→ **Task statement**
Return the line containing "Fifth view of" and every line beneath it through the end of the entries below, unchanged. Pictures stay out.

→ **Excerpted records**
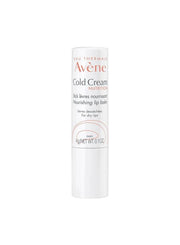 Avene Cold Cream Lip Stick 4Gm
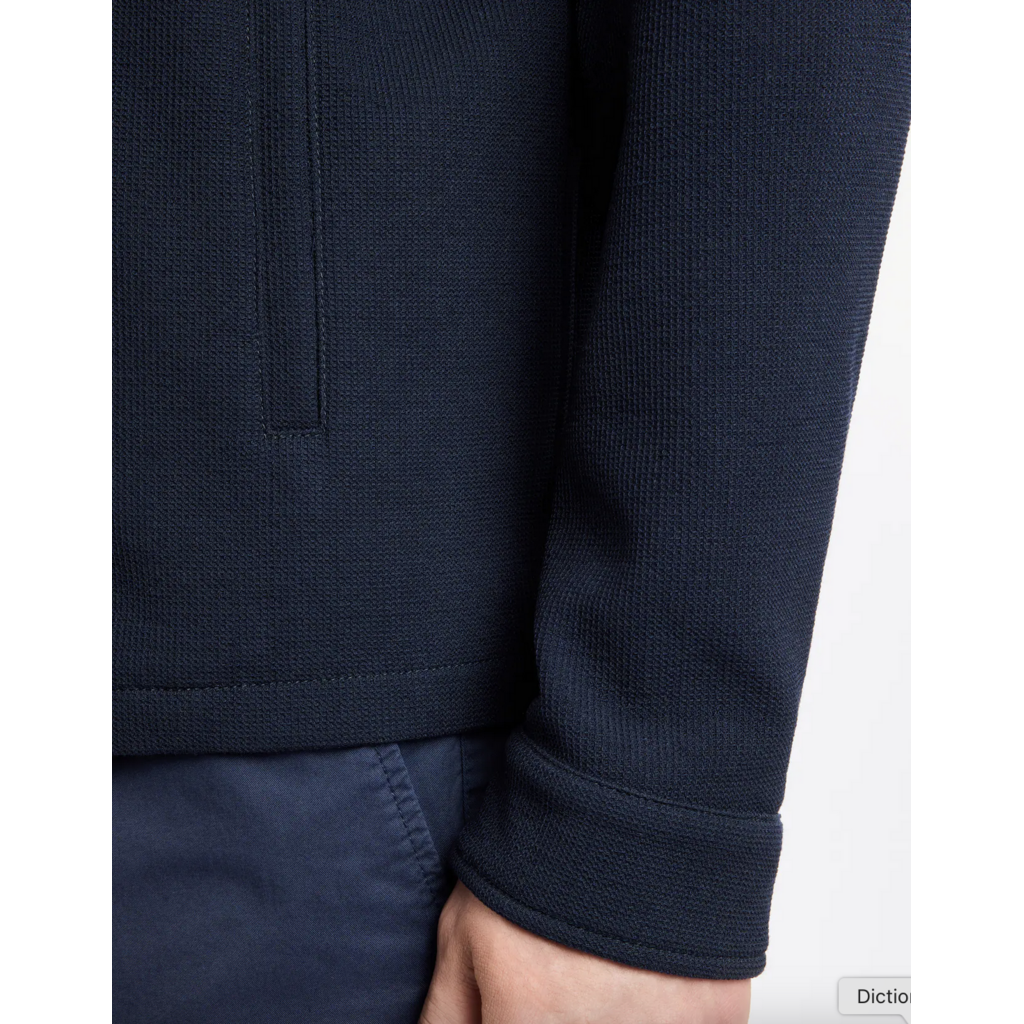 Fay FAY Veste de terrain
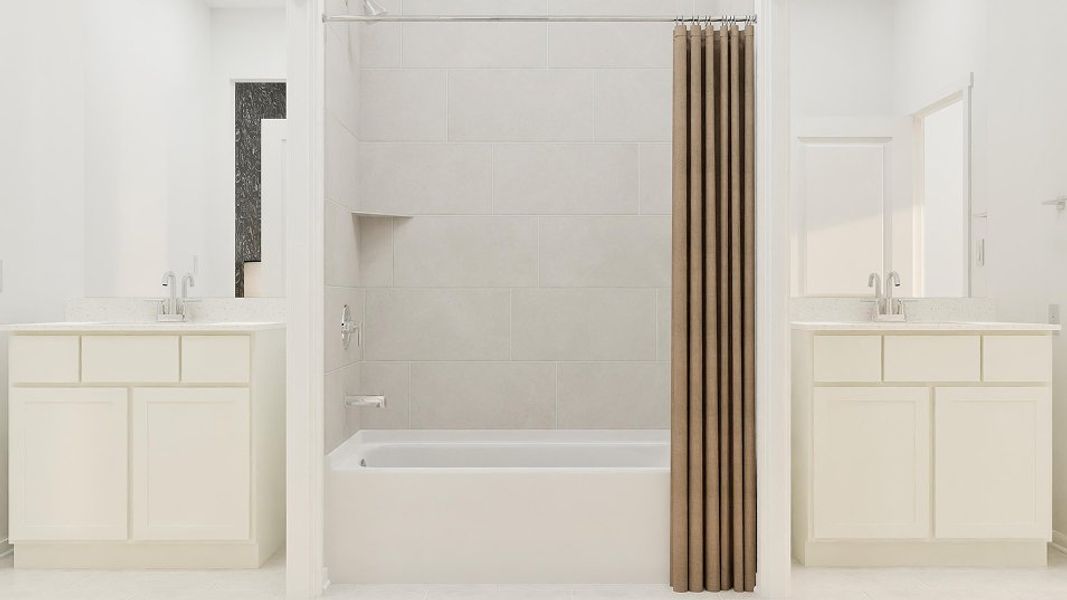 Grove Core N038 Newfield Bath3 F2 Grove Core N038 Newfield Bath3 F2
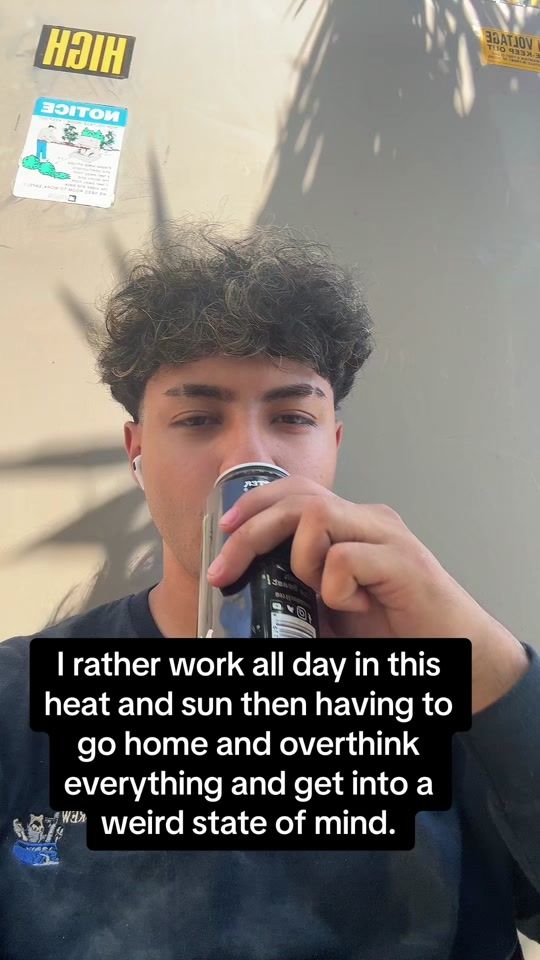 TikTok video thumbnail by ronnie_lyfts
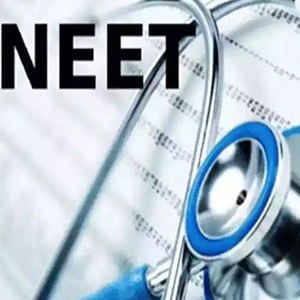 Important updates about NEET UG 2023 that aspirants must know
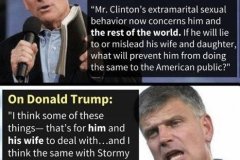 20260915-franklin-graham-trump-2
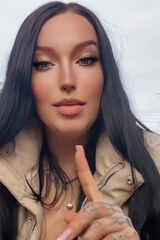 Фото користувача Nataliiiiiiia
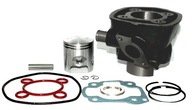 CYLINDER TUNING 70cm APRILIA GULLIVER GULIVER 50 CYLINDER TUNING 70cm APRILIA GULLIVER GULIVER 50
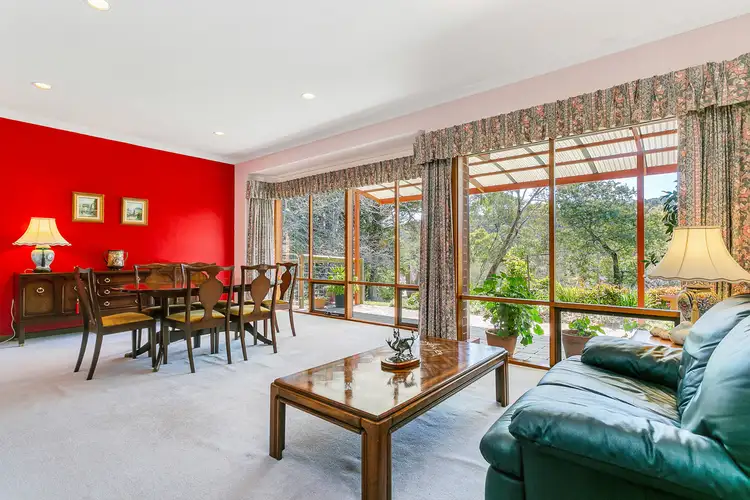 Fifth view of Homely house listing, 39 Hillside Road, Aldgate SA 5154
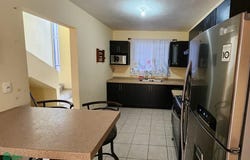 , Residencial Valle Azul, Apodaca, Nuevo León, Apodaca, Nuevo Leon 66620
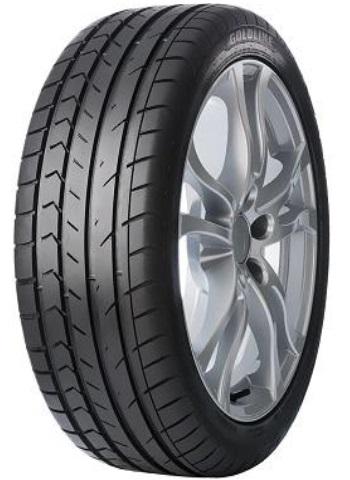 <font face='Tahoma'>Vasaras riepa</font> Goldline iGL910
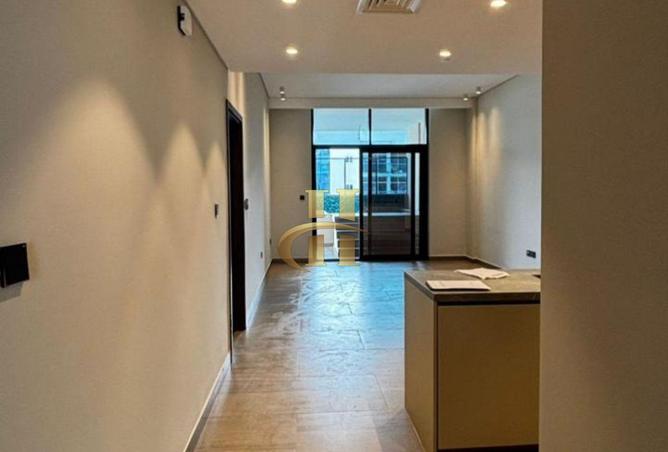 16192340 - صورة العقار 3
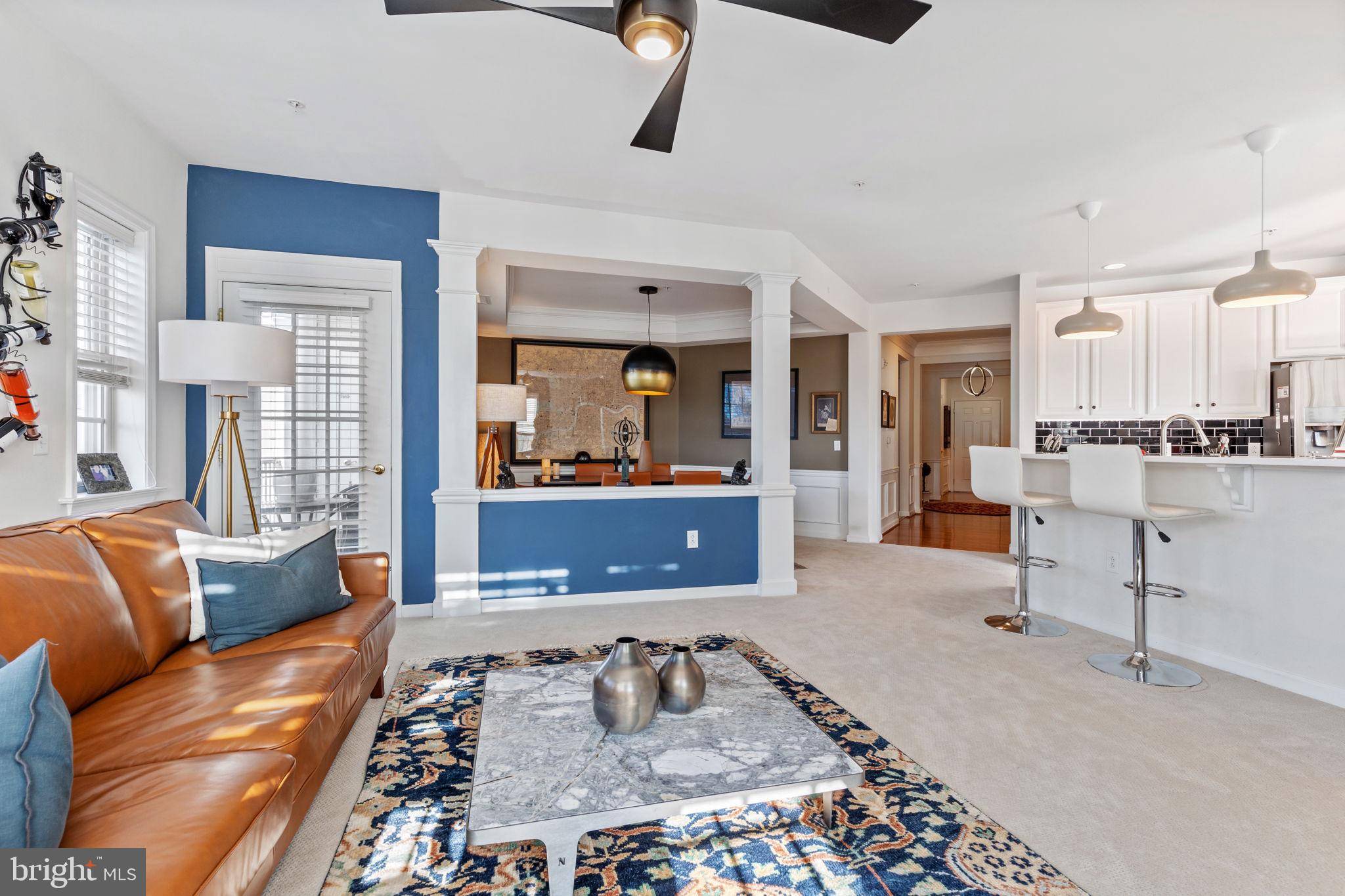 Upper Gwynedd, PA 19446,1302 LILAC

→ **Response below**
 Fifth view of Homely house listing, 39 Hillside Road, Aldgate SA 5154
 , Residencial Valle Azul, Apodaca, Nuevo León, Apodaca, Nuevo Leon 66620
 <font face='Tahoma'>Vasaras riepa</font> Goldline iGL910
 16192340 - صورة العقار 3
 Upper Gwynedd, PA 19446,1302 LILAC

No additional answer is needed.